Photos of ring-billed gulls from Wikimedia users: Coo coo pigeon (above and below); and Mdf (middle).
They will re tern in the spring.
How gull able are you?
At about 620 on the morning of July 22 recently passed I was northbound on Rt 28 near Indian Lake. A thick fog was in the air I could not see twenty feet ahead of me. The speed limit was 55 I was doing 45 because I’m a smart man. Behind me was some fool up my rear end I wasn’t going fast enough for he or she evidently. As I’m contemplating this idiot up my rear end a seagull suddenly appears poised in the center of the road.

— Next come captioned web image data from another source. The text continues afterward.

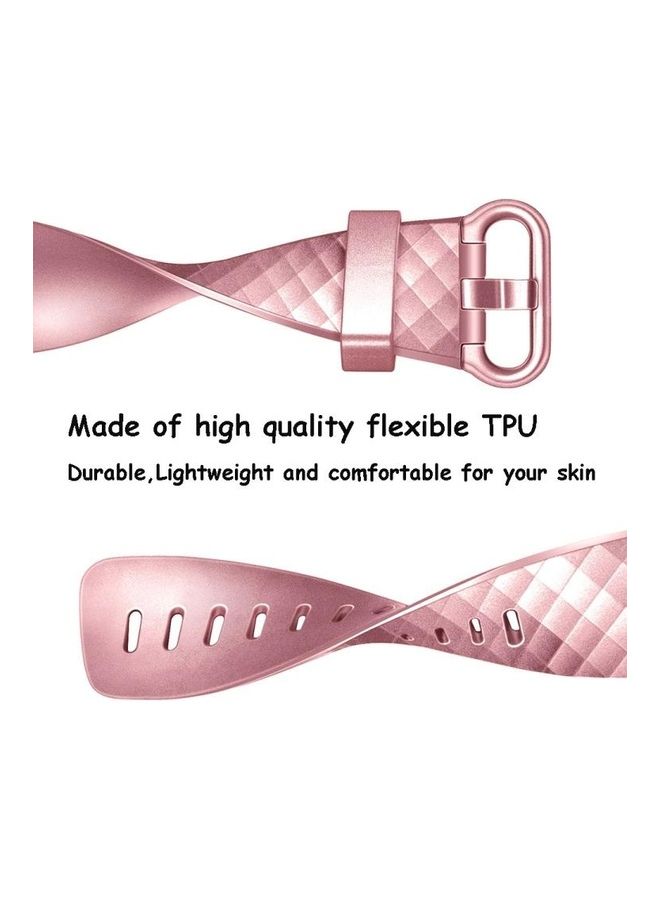 BGM Official Pattern Metallic Watch Strap For Fitbit Charge 3 Rose Gold - Image 2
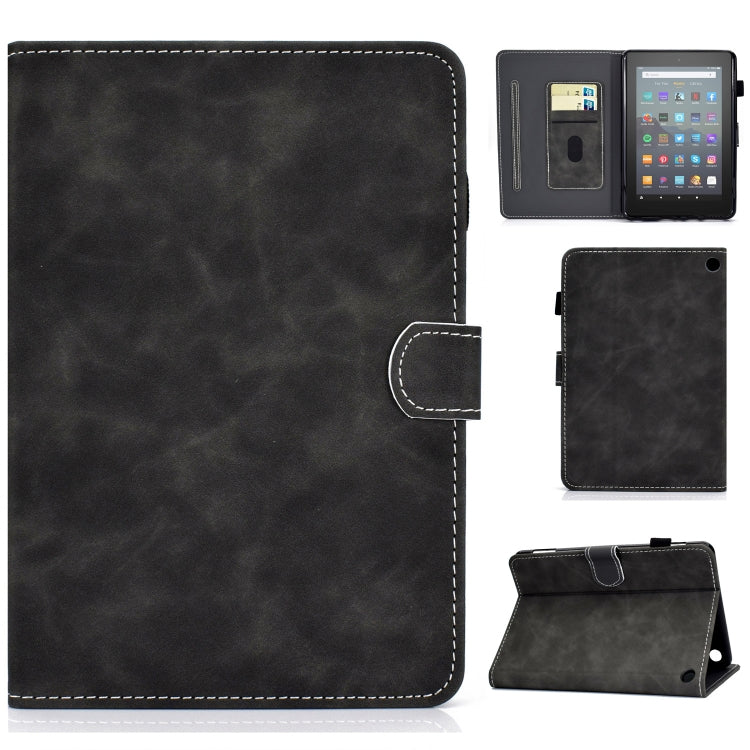 Custodia per tablet in pelle con texture in pelle bovina, For Amazon Kindle Fire 7 2022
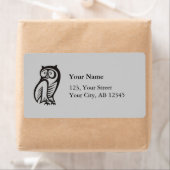 Owl Symbool zwart Etiket (Insitu)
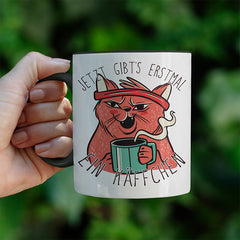 Jetzt gibts erstmal ein Käffchen Katze 2 Witzige schwarze Tasse kaufen Geschenk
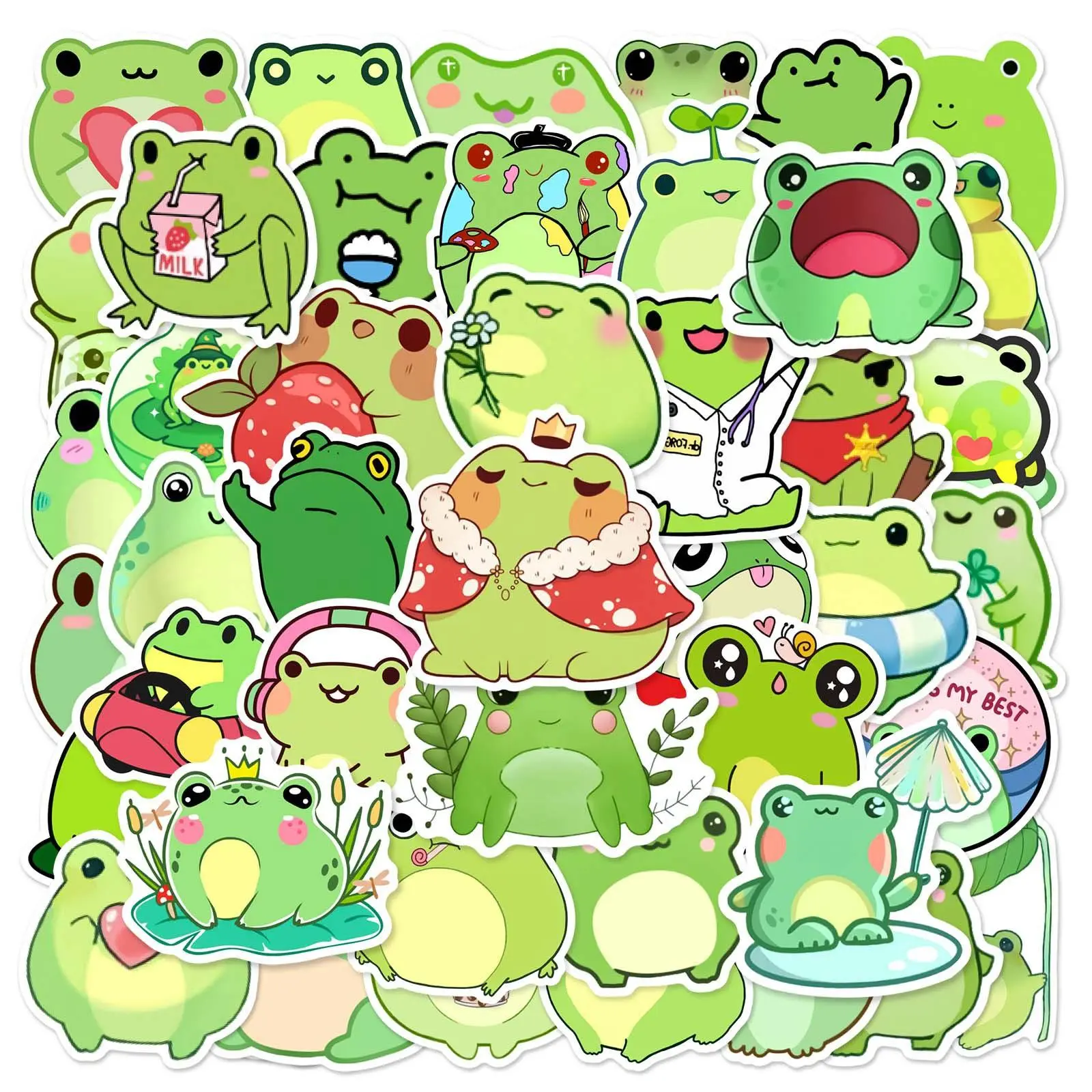 50pcs Cute Cartoon Little Frog Pattern Sticker, Graffiti Waterproof Decoration Sticker, DIY Decor Sticker For Home, Scrapbook, Water Bottle, Sticker Packs, Decorative Stickers, Art Stickers, Funny Stickers, Scrapbooking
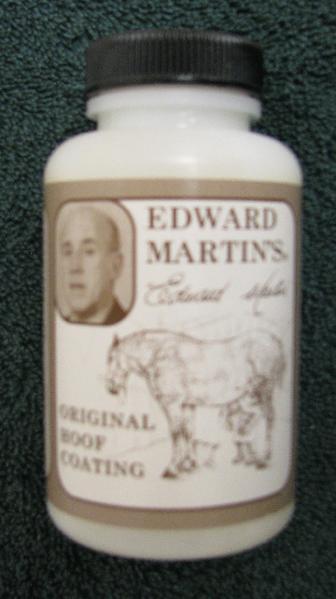 Edward Martin Hoof Coating Clear - This unique, long lasting formula is easy to apply and environmentall friendly for both horse and applicator.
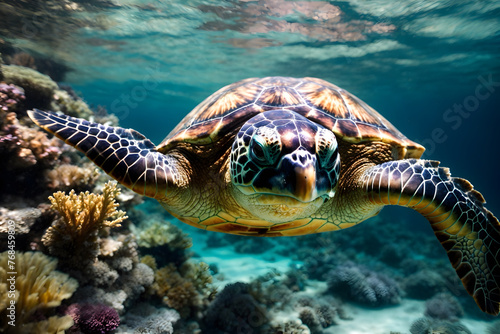 A close up of a sea turtle swimming undersea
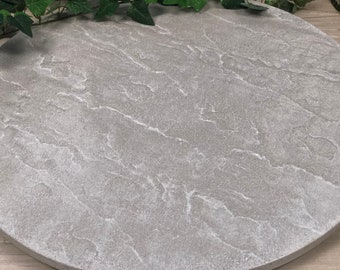 Stone Textured Concrete Lazy Susan White Wash CharcuterieBoard, Centerpiece, Wedding or Housewarming Gift, Ottoman Lazy Susan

I immediately pull over to the side,allow speed racer to pass me,then go back to the gull which was very much alive with alert eyes just waiting for a car to come along to finish it off. I step out of my car and approach this bird and as I drew near out from it comes a loud two-syllable shriek my massy form terrified it, it was afraid of me. I sweet-talked this bird, told it ‘Do not fear Charlie’s here’ and sure enough it did not shriek anymore,it became trusting of me. It was the same species as the one in the photo above,a ring-billed gull. There was blood on its beak. I waste no time in retrieving this bird before a car barrels out of the fog and plows us down,hapless bird and I. I place it in my car on the passenger side floorboard. I reach down to rub its soft feathery head to reassure it.
My first thoughts were to find a rehabilitator. The trooper barracks were seconds up the road so I drove there and Trooper John Sohnzahray greeted me as I entered. He spent nearly a quarter of the hour at his computer coming up with a list of wildlife rehabilitators. Meanwhile my bird friend on the passenger side floorboard of my car had begun to list heavily to one side, its eyes not as perky and alert as they were they began to get sleepy. Besides the small amount of blood near its beak this bird seemed otherwise fine. A car must have glanced it…..and kept going. Twenty minutes after I first held this bird it was dead. Ere long we’ll all be dead!
My sadness was relieved by the fact that I did not leave this bird in the road to die.I thank Trooper Sohnzahray for being so overly kind.He even offered to bury the bird for me in the woods behind the barracks. I took it with me instead and placed it on a dead log in the woods behind where I was staying so that maybe a scavenger might come along to feed upon it so that nothing goes to waste. Sure enough the next morning the gull was gone.
We probably kill tens of millions of animals a year on the roads alone in this country. This ring-billed gull is just another one of those statistics. This particular bird is no more,never again to fly freely over those mystic Adirondack woods. I wondered if it had left chicks or a mate behind.I’ll never know and maybe it’s best that way.